The funeral director of tomorrow must bifurcate the needs of getting the dead where they need to go and the living where they need to be. In the case of a casketed body, there are limited places where a convocation can be held because there is a very heavy and awkward item to move safely.

But I challenge you to think of 25 places within 25 miles of your funeral home where a cremation service could take place. Moving an urn is easy. The convocation can take place at an indoor or outdoor site, and there are many different options, including hotel meeting rooms, where top-quality food can be served. These nontraditional venues will be the start of a new tradition unless you can out-hustle them. Families come to you first, so your business and your space must be as easy to work with as these public facilities.

We all heard many reasons for why arrangements had to be handled in the funeral home, but all boiled down to the comfort of the funeral director and the firm’s showroom. Today, any firm can present its entire showroom display on a laptop, making funeral directors available to go to the client’s home, if the family will be more comfortable there.

While we’re at it, could a funeral take place in a home? Today, remembering our redefined “funeral,” perhaps funeral professionals should be more focused on getting the living where they need to be. The convocation is now the important part of the funeral. The survivors must feel they received value for their time and money spent.

Even chat rooms are now dispensing advice to mourners and those contemplating making arrangements via the colloquial death cafe. Consumers must understand, however, that these are people not known to the consumer who’s asking the questions, and the respondent’s qualifications are either unknown or, if stated, unconfirmed. It’s all so anonymous. Yet here you are, an integral part of the community; you must teach families about all the integrated critical decisions that go into planning a funeral.

Funeral service used to be a male bastion, but I have often said, “Men don’t think logically. If they did, we would be riding horses sidesaddle!” In general, women make much better arrangers than do men. Women tend to listen better, ask probing questions, empathize and can reach out and touch a person (either gender) without making them feel awkward.

I have analyzed in more than 500 funeral homes that have staff of both genders and have found that the average revenue per call is usually higher from female staff than male staff. I’ve also found that consumers recall more female funeral directors by name 30 days after the funeral. While it might not be fair, it is a blessing that today almost 30% of all people graduating and passing the National Board Exam are women. The pink collar is going to be a great blessing to the future success of this business.

These challenges are being brought about because almost 90% of calls today are baby boomers, a demographic group that is different from any group in our society to date. They have shown that the key to serving them is personalization. They don’t want to hear, “That’s the way your family always did this.” They don’t want institutions, such as churches, to limit their options. These people fought the traditions of previous generations. They took over college campuses, brought down a president and rebelled against the largest institutions. The men burned their draft cards and the women burned their bras, so is it any surprise that when reinventing the idea of how to handle death they are burning their bodies?
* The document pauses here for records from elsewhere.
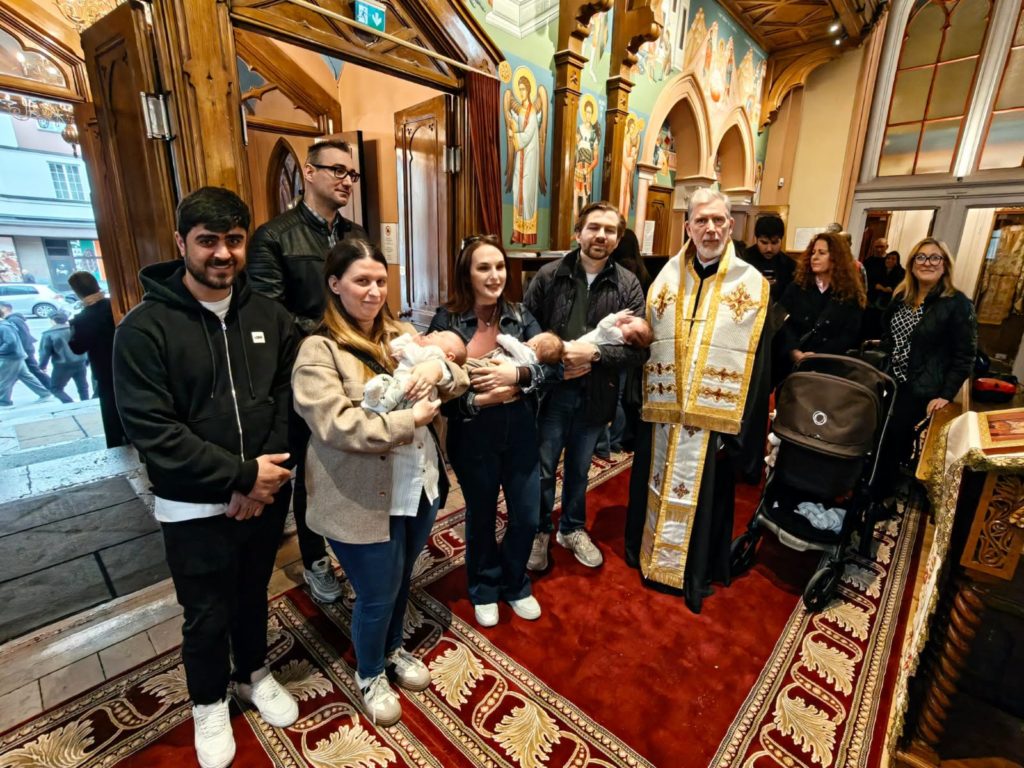 Και η ζωή συνεχίζεται… και η οικογένεια μεγαλώνει!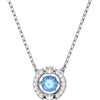 Swarovski Sparkling Necklace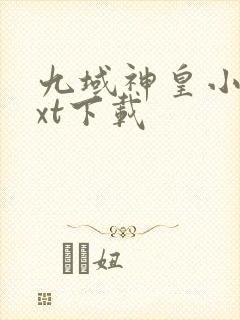 九域神皇小说txt下载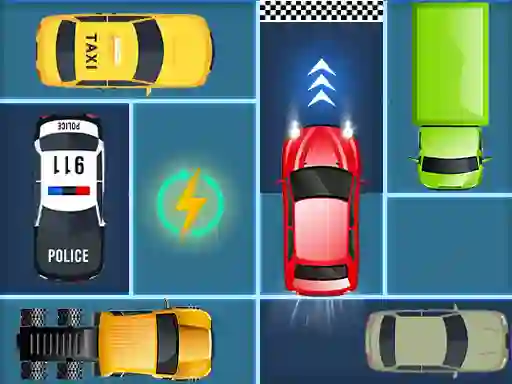 თამაში Mega Escape Car Parking Puzzle ონლაინ
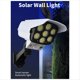 thumbnail image 2 of 2 Piezas Luces Solares Al Aire Libre 77Led PIR Lámpara con Sensor de Movimiento Cámara de Simulación Luz de Pared Solar Luces de Decoración de Jardín Impermeables, 2 of 5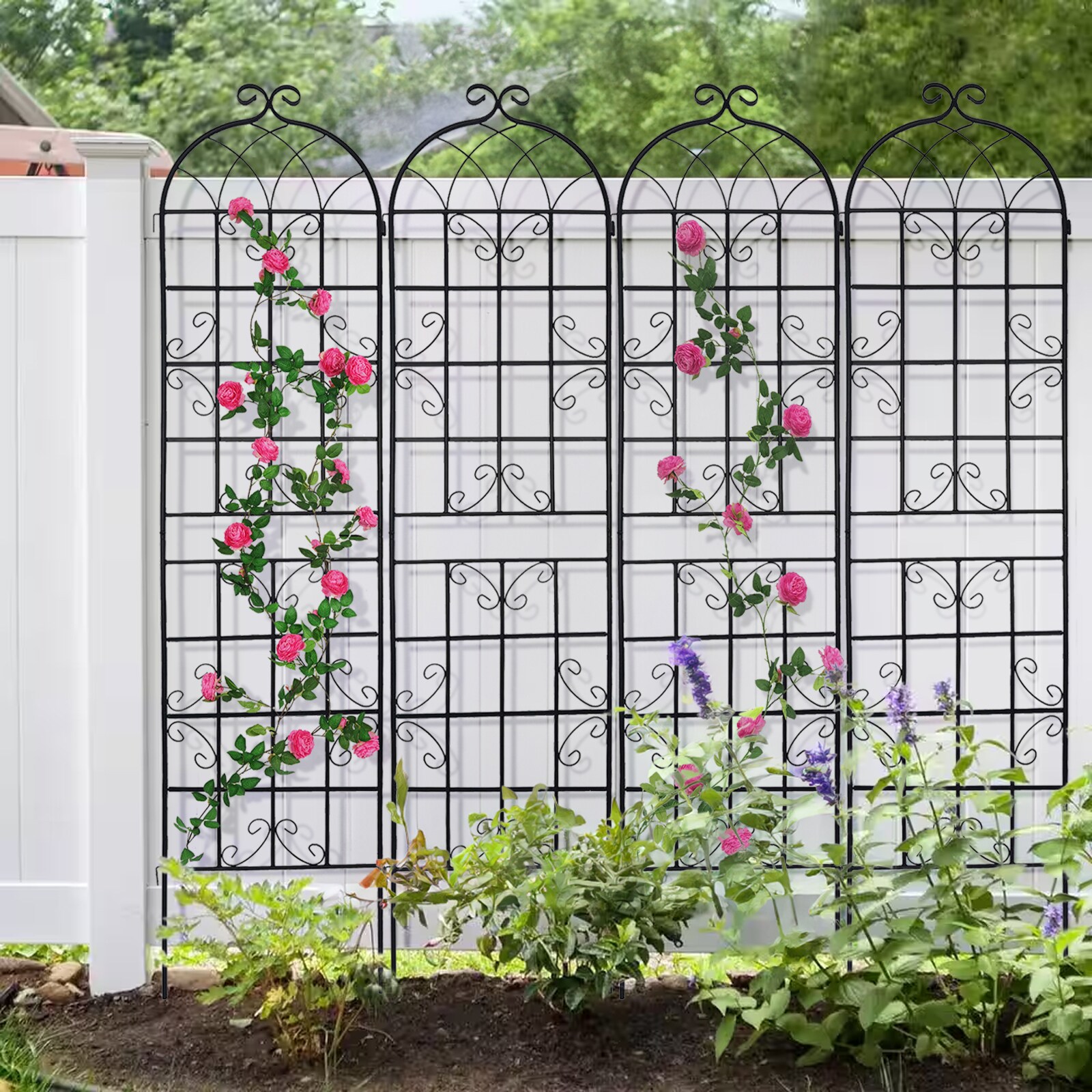 Flynama J-V-81059 Garden-Trellis - View #9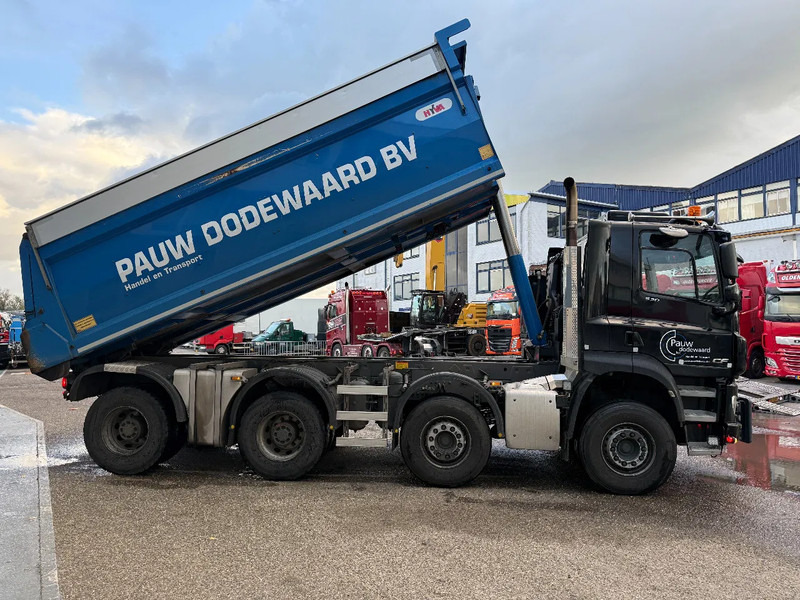 DAF CF 530 8X4 - FULL STEEL SUSP. - BIG AXLES + HYVA TIPPER - Tipper: picture 3 DAF CF 530 8X4 - FULL STEEL SUSP. - BIG AXLES + HYVA TIPPER - Tipper: picture 3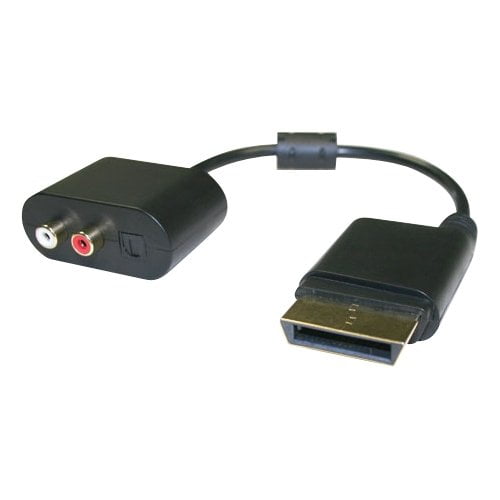 Mad Catz NOV476510002/04/1 HD Audio Adapter for Xbox 360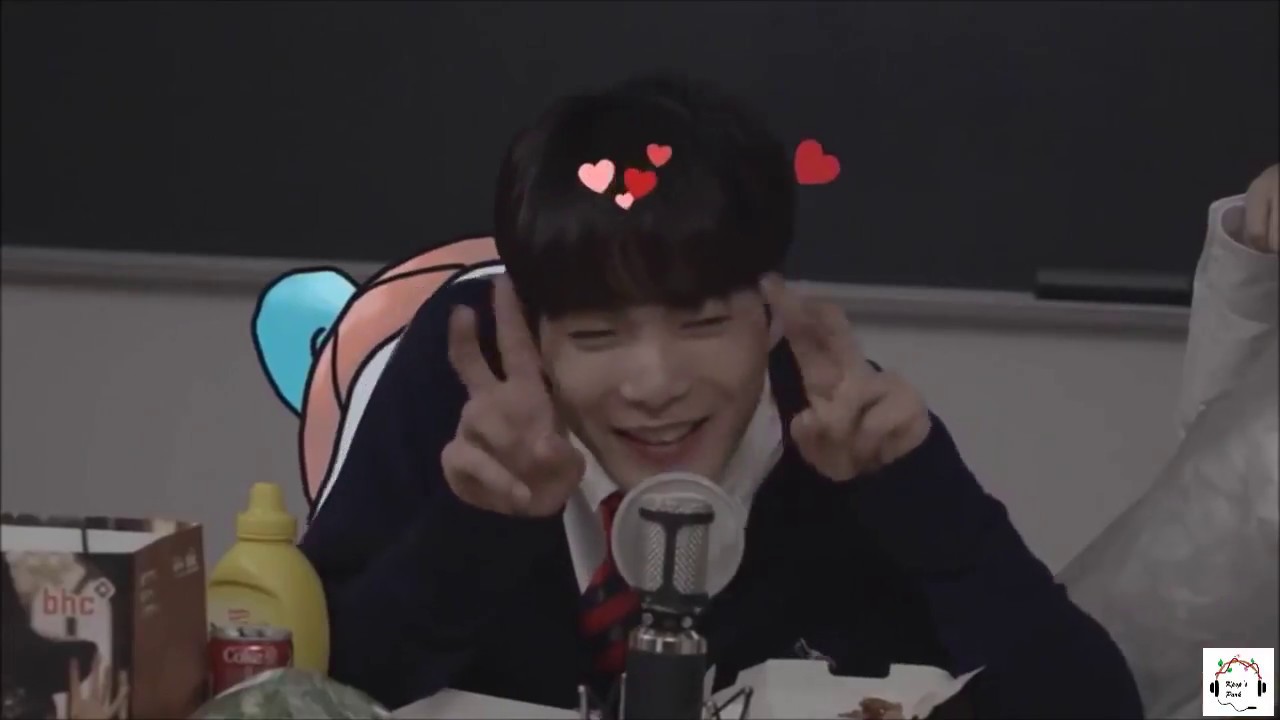 JR cute moments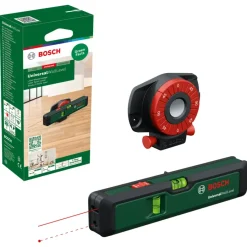 Kruislijnlasers|Waterpassen > Bosch lijnlaser met waterpas UniversalWallLevel - Basic
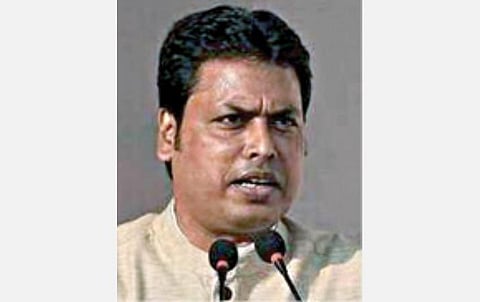பாஜக ஆட்சி 35 ஆண்டுகள் நீடிக்க திரிபுரா முதல்வர் புதிய யோசனை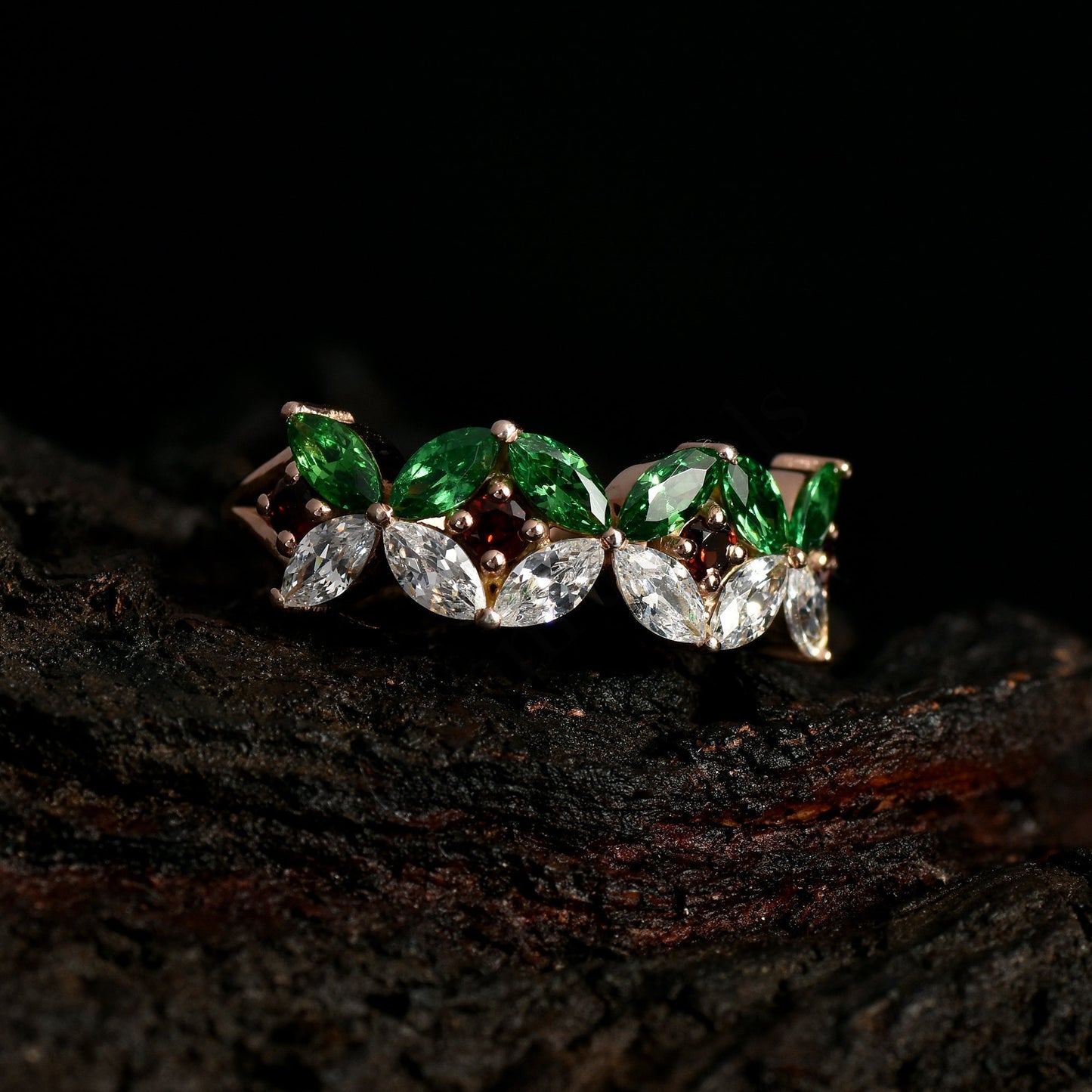 Marquise  Eternity Ring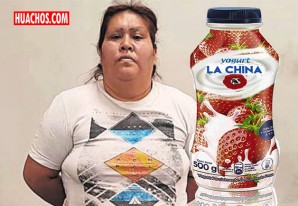 Cae en manos de las fuerzas del orden "La China Yogurt" Cae en manos de las fuerzas del orden "La China Yogurt"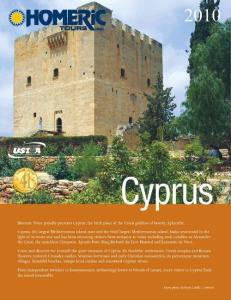 英文旅游指南——塞浦路斯 Cyprus 2010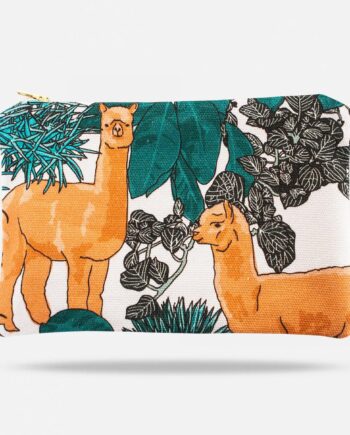 Alpaca Make Up Bag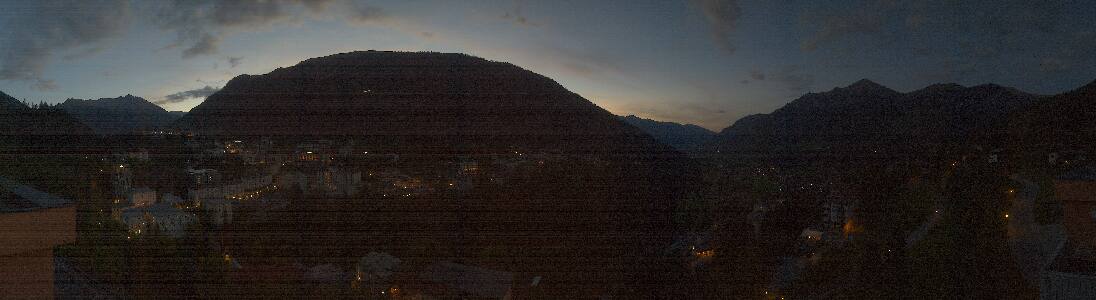Bad Gastein Hotel Schillerhof snow cam captured at 4 October 2026 at 7:28 pm GMT+2
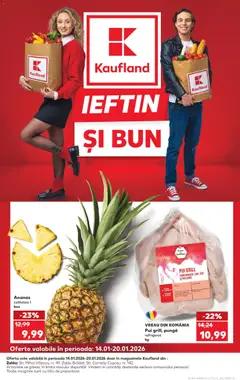 Previzualizarea de cataloage: Kaufland Zalau valabil de la 14.01.2026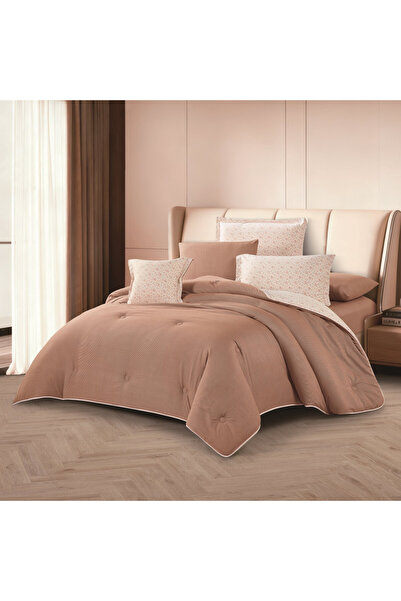 HOURS Horse 7-Piece Double Bedspread Set – Elegant Floral Design and Luxuriou...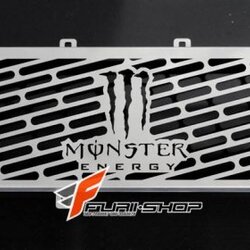 การ์ดหม้อน้ำ มอเตอร์ไซค์ บิ๊กไบค์ pheonix ลาย monster for versys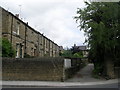 Back of Chapel Terrace - Moor Bottom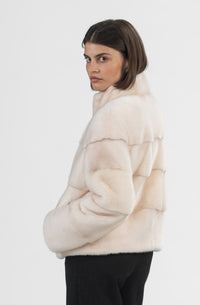 Premium Unknown Mink fur coat for a sophisticated style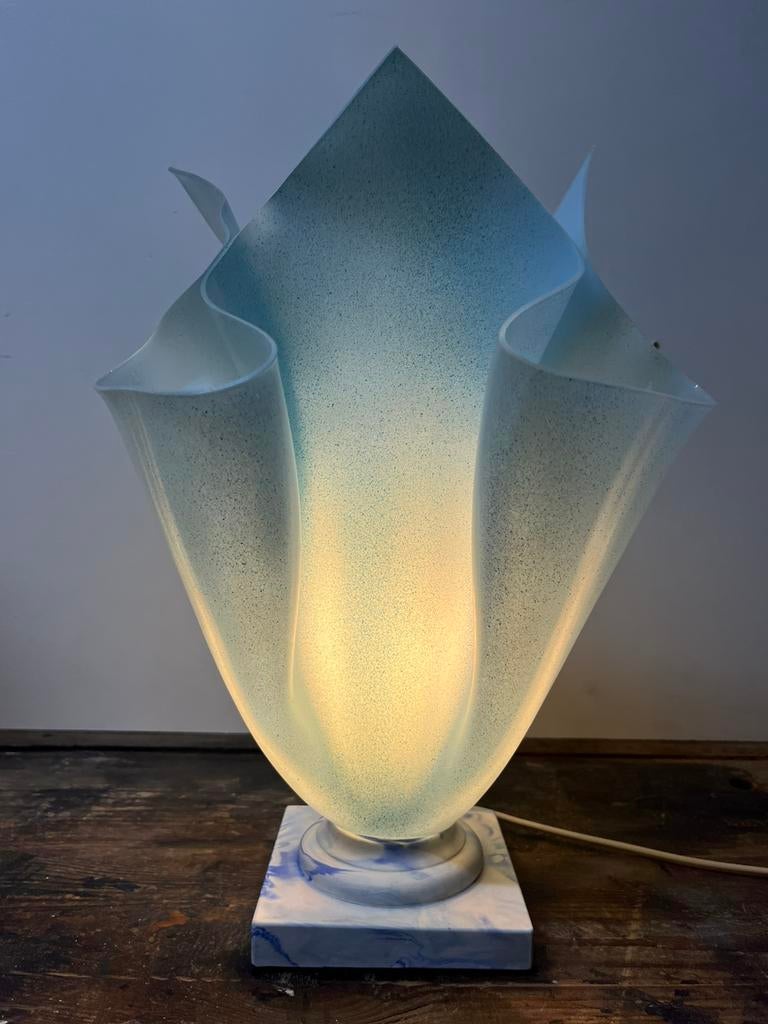 Vintage mid century Georgia Jacob style lamp,, Kunststof, Gebruikt, Vintage mid century Georgia Jacob style lamp, Ophalen of Verzenden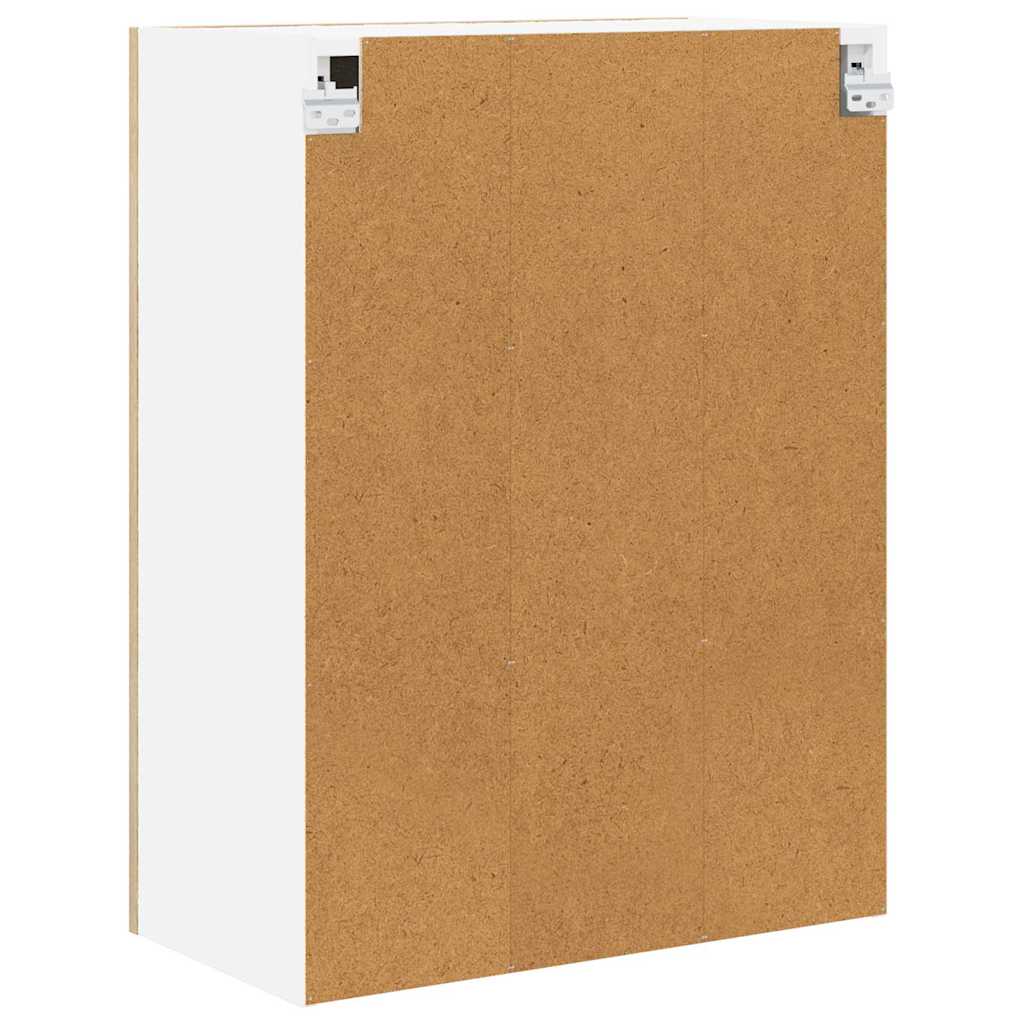Dulap suspendat cu raft Riga Stejar Sonoma 60 x 31 x 80 cm — imaginea 9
What are you going to take away after having spent the time to read this article? Maybe out with the old and in with the new? Maybe we need a new tradition? Maybe we need a new definition of what you do for a living? Maybe a new scorecard to judge the efficacy of your ministry?

Ideally, we must stand up for the needs of mourners. Do you want to be the funeral home hanging on to the ways of the past or the firm promoting the ways of the future?